INTERVIEW: Elaine Sciolino, author of The Seine: The River that Made Paris

 
INTERVIEW: Elaine Sciolino, author of The Seine: The River that Made Paris

Former New York Times Paris bureau chief Sciolino tells FRANCE Magazine about her latest book, a love letter to the Seine – all 483 miles of it!

Elaine Sciolino is an author and former New York Times Paris bureau chief who has lived in France since 2002. Her previous books include The Only Street in Paris: Life on the Rue des Martyrs, an NYT bestseller. In The Seine: The River that Made Paris, she traces the enchanting river’s path from its humble beginnings in Burgundy all the way to Le Havre, with a special focus on the City of Light.

FRANCE Magazine: What was the most fascinating thing you learned about the Seine in your research?

Elaine Sciolino: I discovered a goddess! A Gallo-Roman proto-feminist healing goddess named Sequana. She was the star of an ancient temple that was built at the source of the Seine. Pilgrims came from as far as the Mediterranean and what is now the English Channel to pray to her for a cure, consult the pagan priests, stay for a short visit, give thanks. They threw votive offerings in wood, stone and bronze into a healing pool.

At the Musée Archéologique in Dijon I fell in love with her in the form of a nineteen-inch, two-thousand-year-old bronze statue. She stands elegant in a boat, her head inclined, her forearms outstretched as if in a gesture of welcome. The prow of her boat is the head of a duck that holds a round object—a pomegranate perhaps—in its long bill; the stern is the duck’s upswept tail. Slim and small-breasted, Sequana wears a flowing dress that exposes her forearms and part of her chest and falls in pleats to the floor. A large, broad crown partially covers her wavy hair, which is parted in the middle and tied at the back of her neck. She is young, with large eyes and refined features, and wears a look of anticipation. The museum’s curator, calls her “our Mona Lisa.”
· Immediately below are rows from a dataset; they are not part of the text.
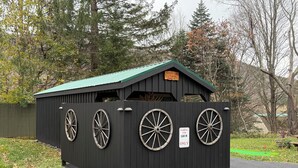 Eine Holzhütte mit grüner Dachdeckung und einem Schild, das anzeigt, dass es sich um Stellplatz nur für Hütten handelt.
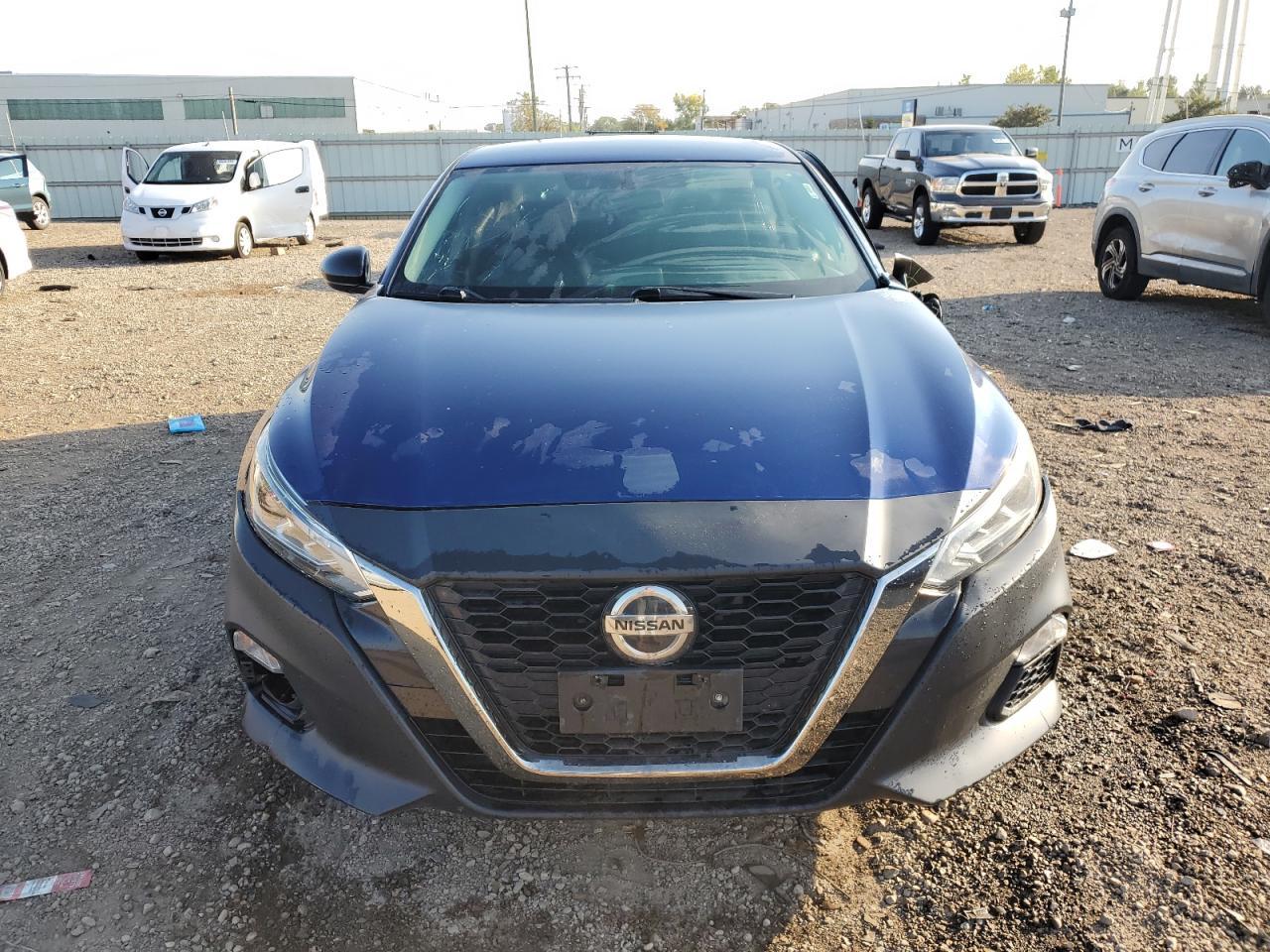 2019 Nissan Altima Sr - Image 5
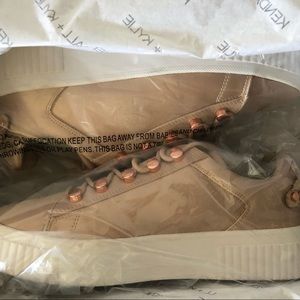 Kendall & Kylie Rose Gold Platform Sneakers (9.5)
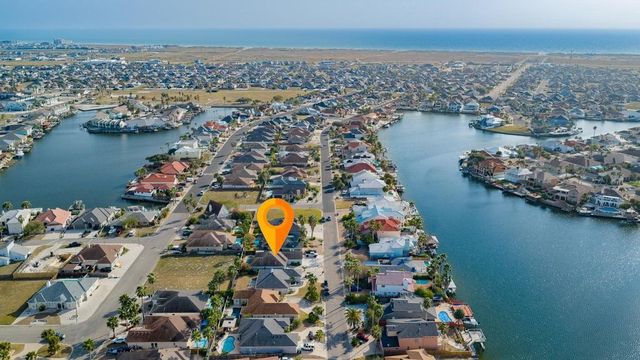 13770 Eaglesnest Bay Dr, Corpus Christi, TX 78418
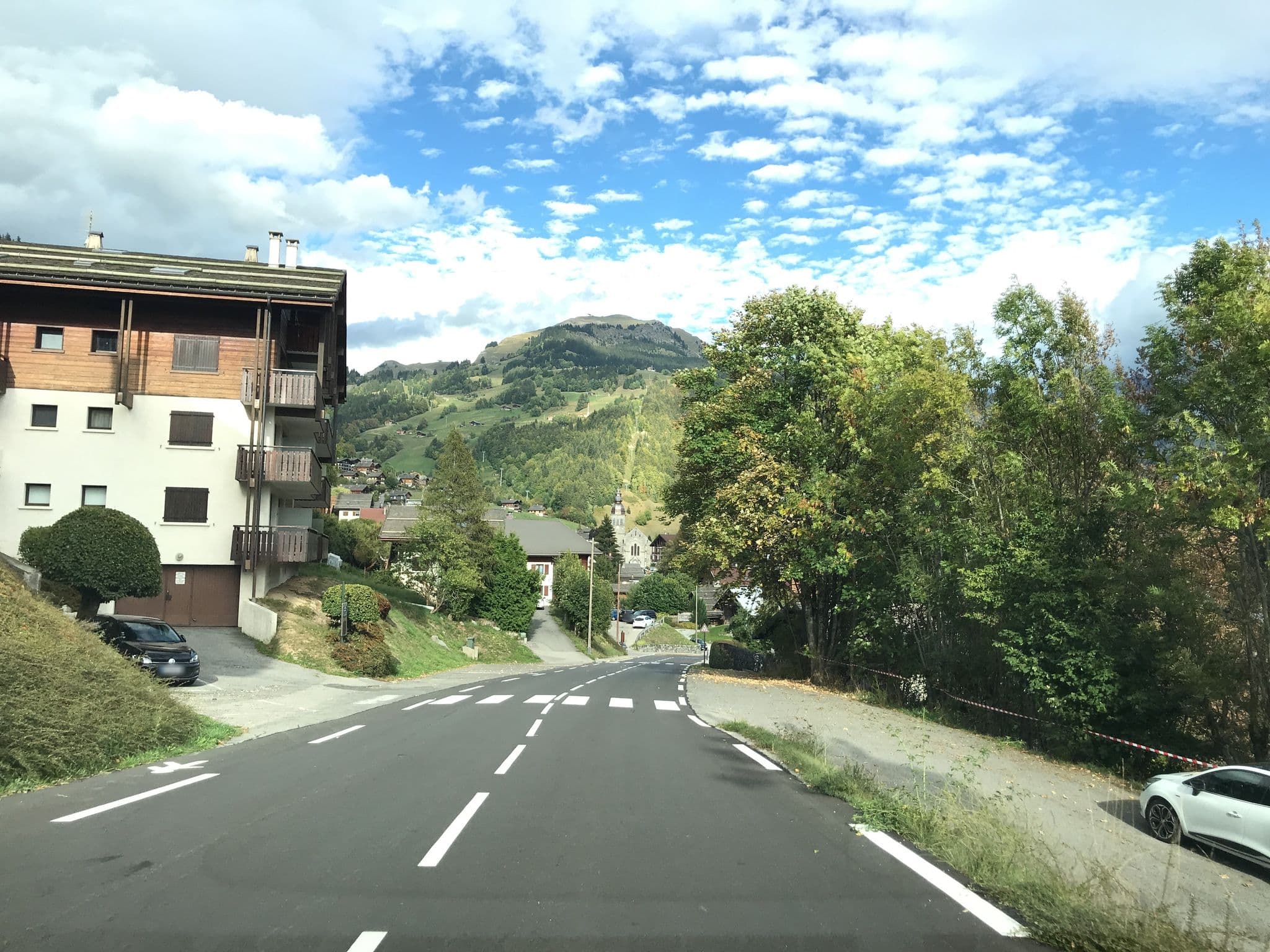 Street view near Appartement le Cocon, Le Grand-Bornand — © pgiraud (CC BY-SA · Mapillary)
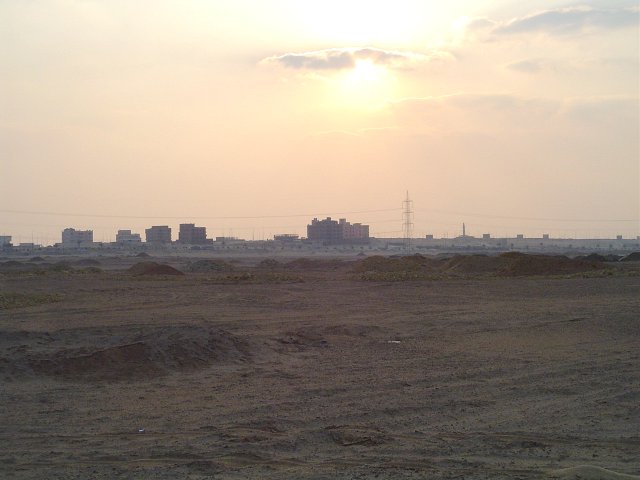 View to the west of 30N 31E - note the new buildings since the first visit.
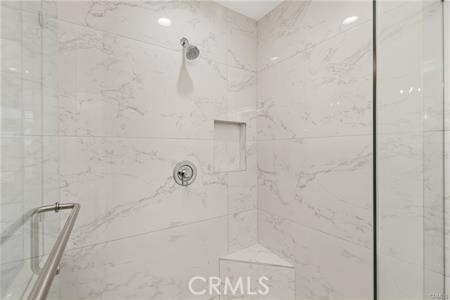 https://media.crmls.org/medias/686b6602-22a2-474a-8a8c-57b44dbf75bd.jpg?preset=X-Large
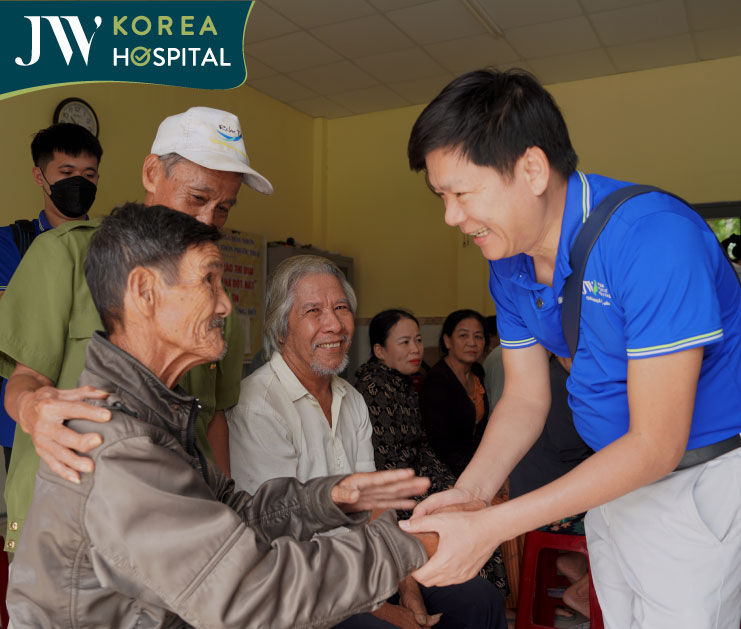 Bác sĩ Tú Dung ân cần hỏi thăm sức khỏe bà con sau bão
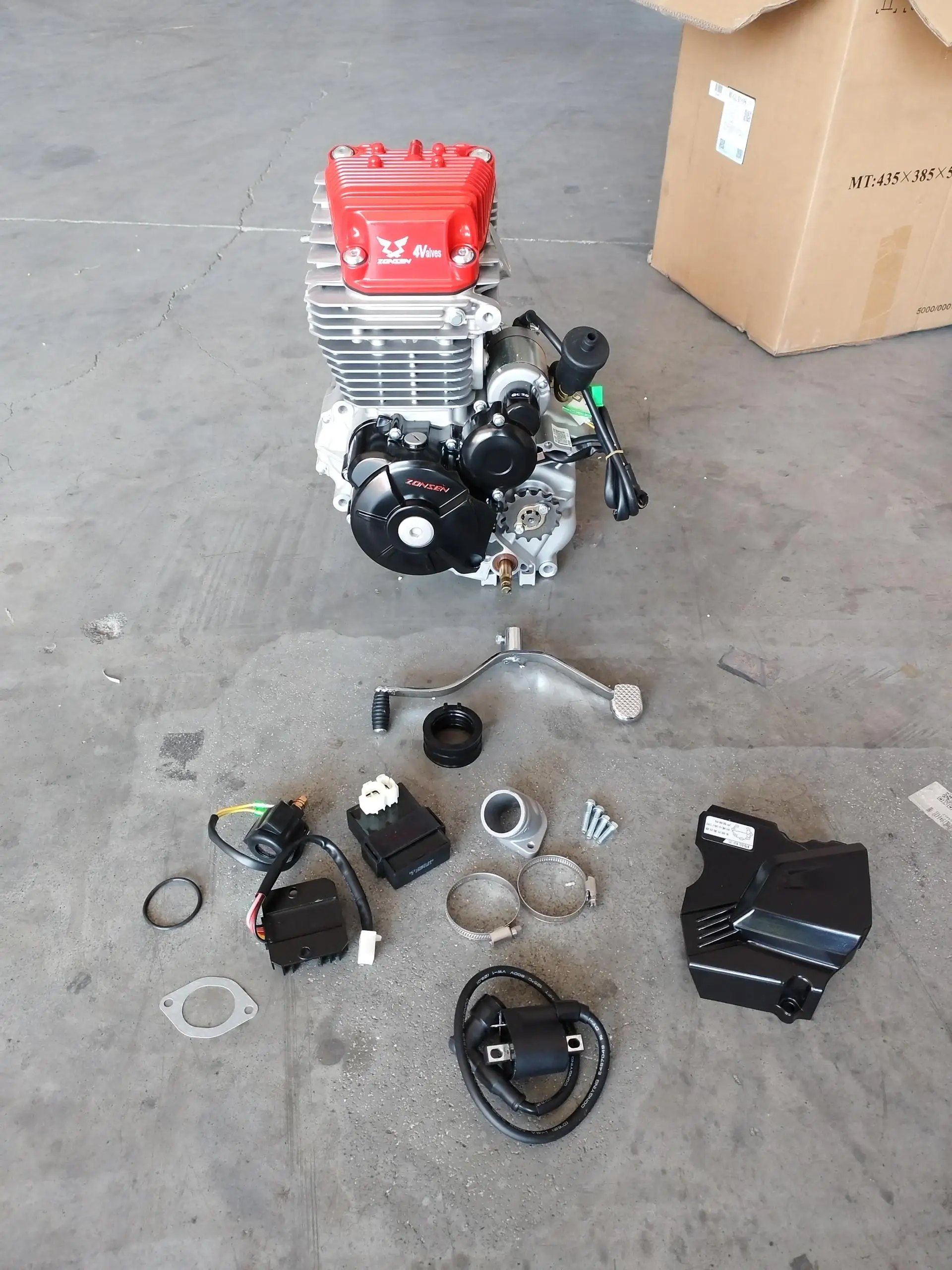 

TLF 300cc Engine Zongshen CB300RL Electric Start 4 Valve 4 Stroke Zs175fmm Zongshen Engine Motorcycle Engine Assembly 6 Speed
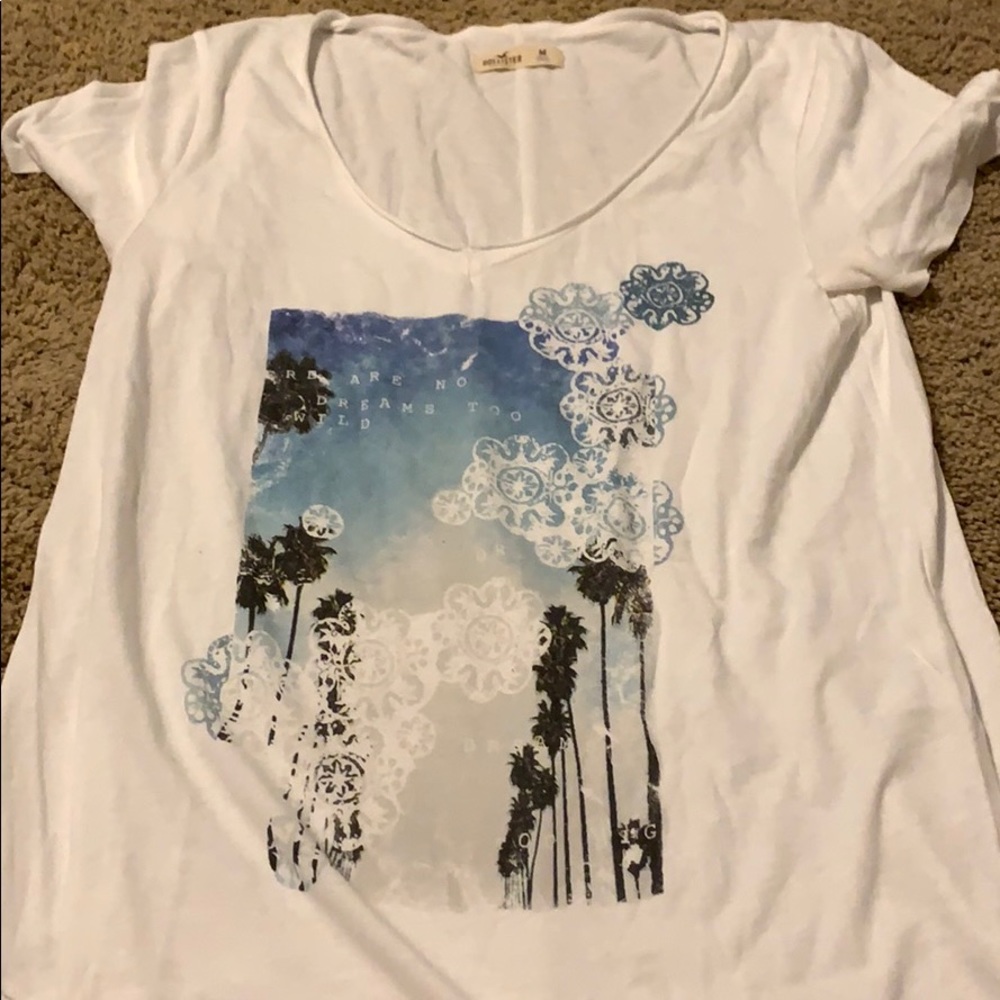 Hollister t shirt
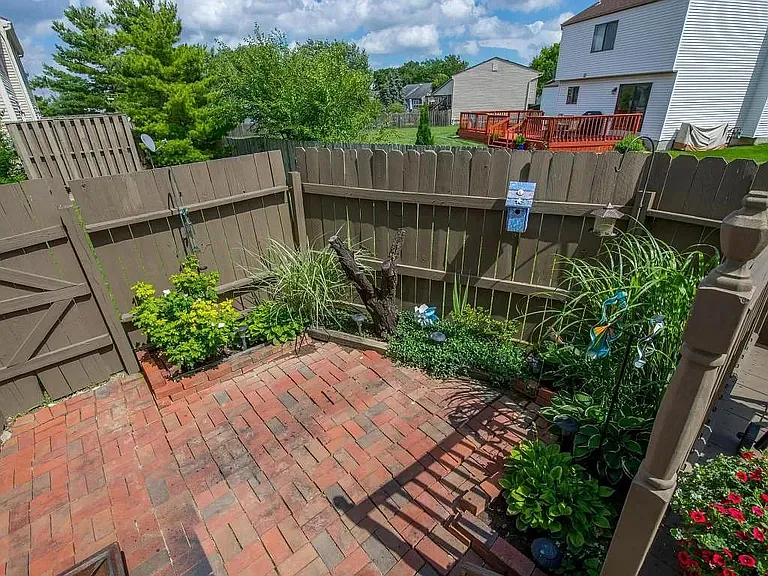 4961 Singleton Dr — Photo 10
A fictionalized eighteenth-century story about Sequana turned her into a survivor who escaped the clutches of Neptune by transforming herself into the Seine River. (The Seine was initially called Sequana.) The story is woven into the ancient Greek myth of Persephone who succumbs to Hades and must spend much of her life trapped in the underworld. But unlike Persephone, who fell victim to her abductor, Sequana escapes!

A related source of fascination was the source of the Seine itself. It is hard to find. GPS and cell phone service go dead in that forgotten corner of Burgundy. Except for warnings of deer crossings, few signposts dot the back roads that wind through farm fields and tree-covered valleys. You have to drive along a narrow tree-lined road until you come to a sign that reads, “City of Paris, Domaine of the Sources of the Seine.”

The source, believe it or not, is part of the city of Paris. In 1864 Napoléon III bought the springs and the surrounding land, built a park, planted fir trees, and declared it part of Paris, sort of a disconnected arrondissement. With a budget of about €25,000 a year, Paris pays to mow the lawns, clear the trash, repair the paths, and cut down dead trees at a site that few Parisians visit. But it’s a lovely place to have a picnic in a secluded ten-acre park with its picnic tables and benches.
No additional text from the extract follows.